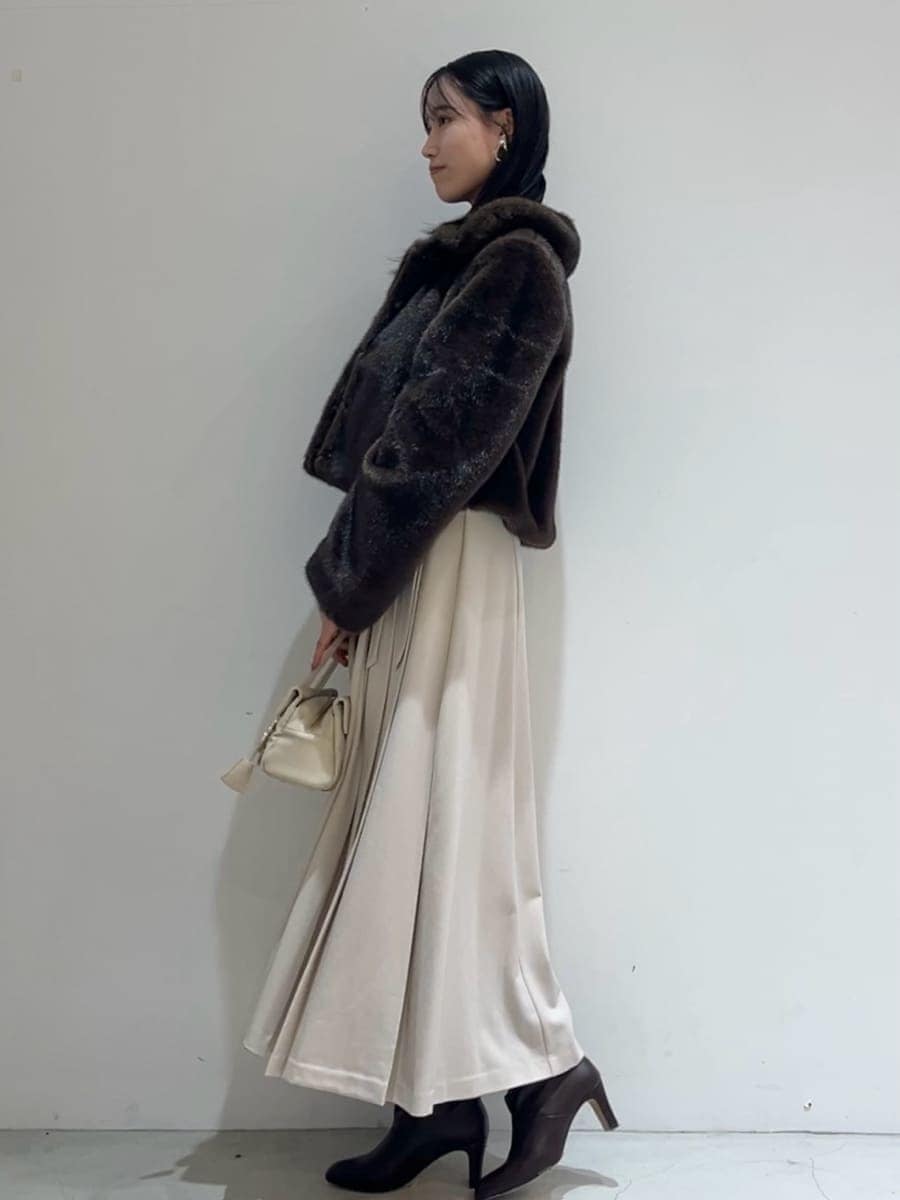 ブラウン系のステンカラーコート、ベージュ系のワンピース、ブラウン系のニット/セーターを着用したレディースの秋コーディネートの3枚目の写真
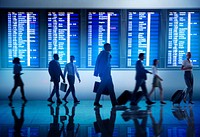 Silhouette of business people in an airport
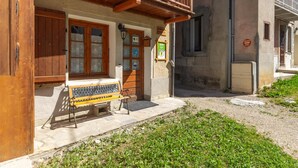 A building with a wooden balcony, a bench outside, and a sign indicating it's a gîte. - LES CAMPANETTES 1st floor (PRALOGNAN LA VANOISE)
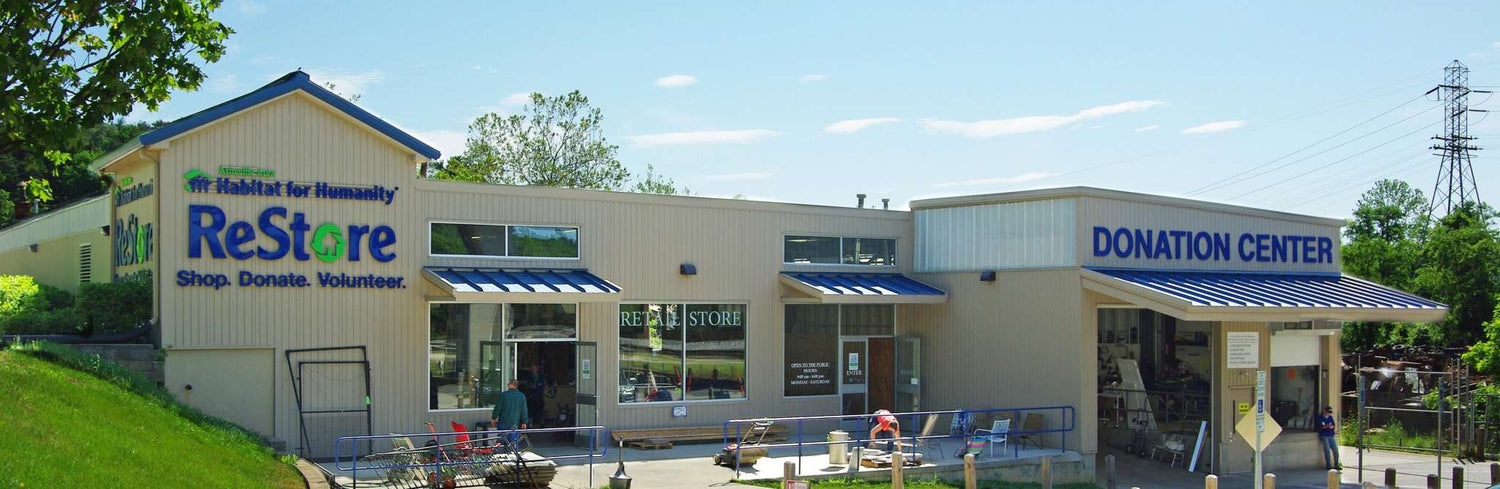 The front entrances and donation drop off lane at the Asheville ReStore.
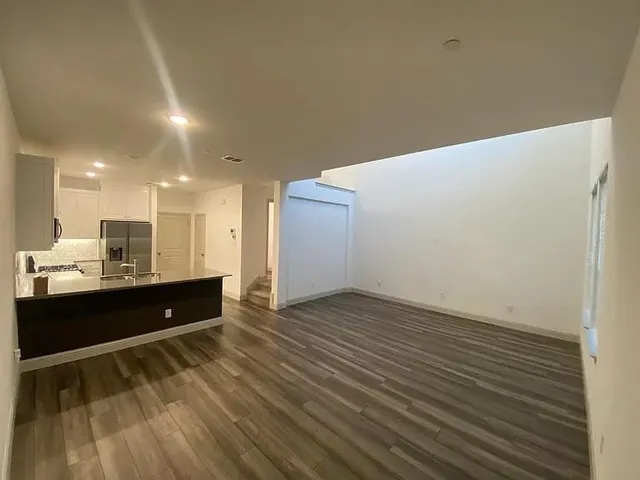 a view of kitchen with wooden floor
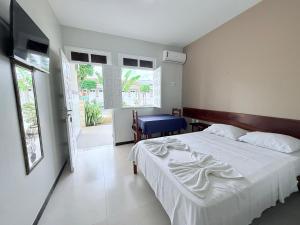 a bedroom with a white bed and a blue chair at Pousada Acalanto in Aracaju +45 photos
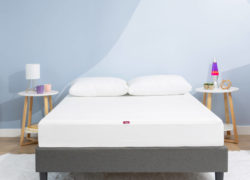 Juno mattress protector fitted to a Juno mattress in a bedroom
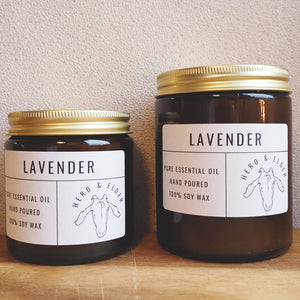 Both sizes of the lavender candle standing next to each other with the smaller to the left. The candles are of brown glass with gold metal lids. Simple paper branding stickers on the front in white and black text.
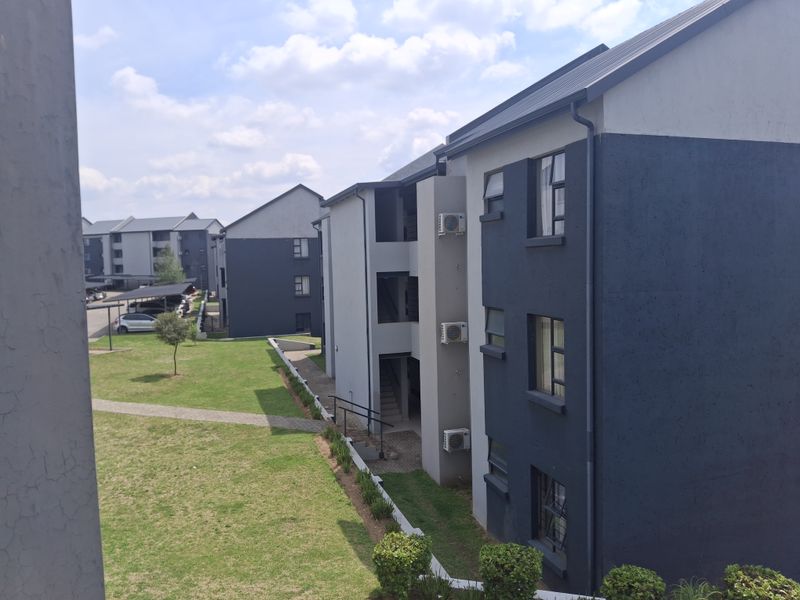 View of the apartment complex exterior featuring modern multi-story buildings, landscaped grounds, paved walkways, and installed air conditioning units.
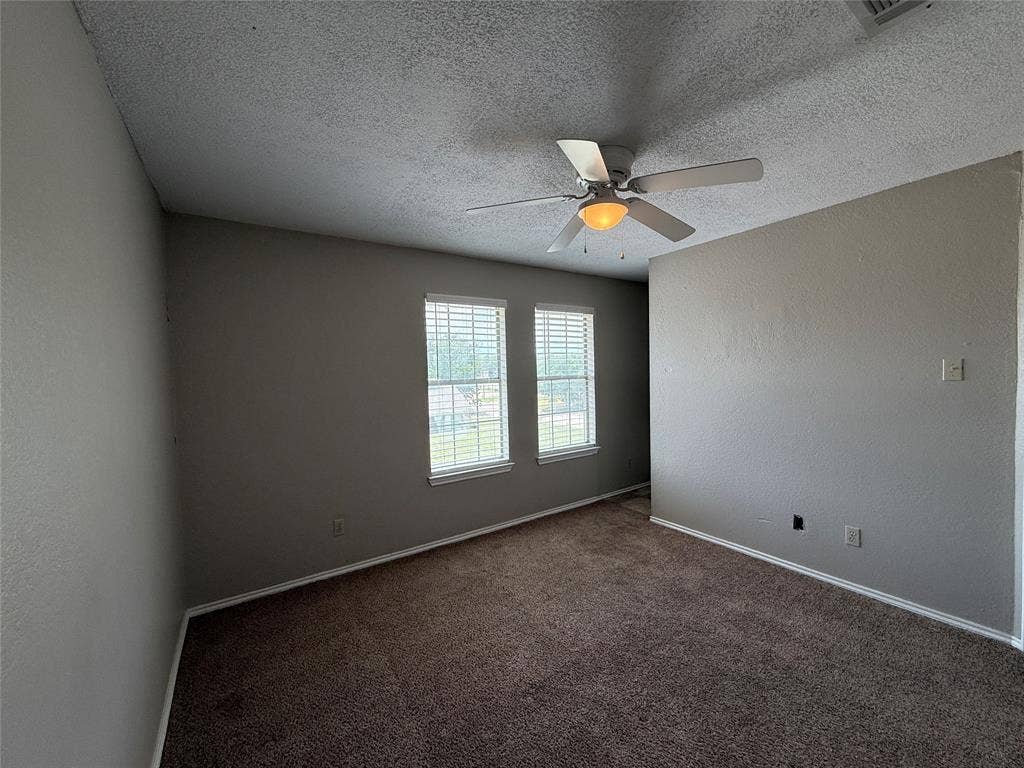 Unfurnished room featuring ceiling fan, carpet flooring, and a textured ceiling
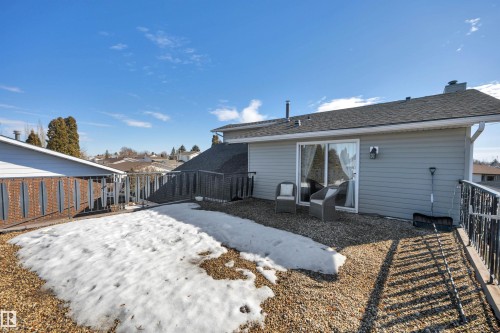The property features a deck area with a gravel surface, a sliding glass door, and exterior siding - 8807 31 Avenue, Edmonton, AB - Outdoor With Exterior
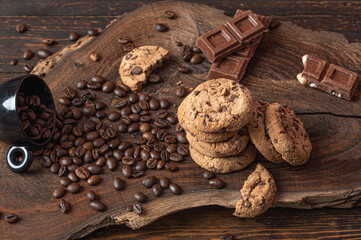 Piled up cookies, pieces of chocolate and coffe beans over a wooden board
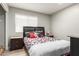 Bedroom with a bed featuring colorful pillows, laminate floors, and natural light at 4741 N 85Th Ave, Phoenix, AZ 85037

[EXERCISE GOAL]: Copy nothing past the line containing "a bedroom with": reproduce every line from the start of the records up to it, skipping pictures.

[EXERCISE RESPONSE]:
 ブラウン系のステンカラーコート、ベージュ系のワンピース、ブラウン系のニット/セーターを着用したレディースの秋コーディネートの3枚目の写真
 Silhouette of business people in an airport
 A building with a wooden balcony, a bench outside, and a sign indicating it's a gîte. - LES CAMPANETTES 1st floor (PRALOGNAN LA VANOISE)
 The front entrances and donation drop off lane at the Asheville ReStore.
 a view of kitchen with wooden floor
 a bedroom with a white bed and a blue chair at Pousada Acalanto in Aracaju +45 photos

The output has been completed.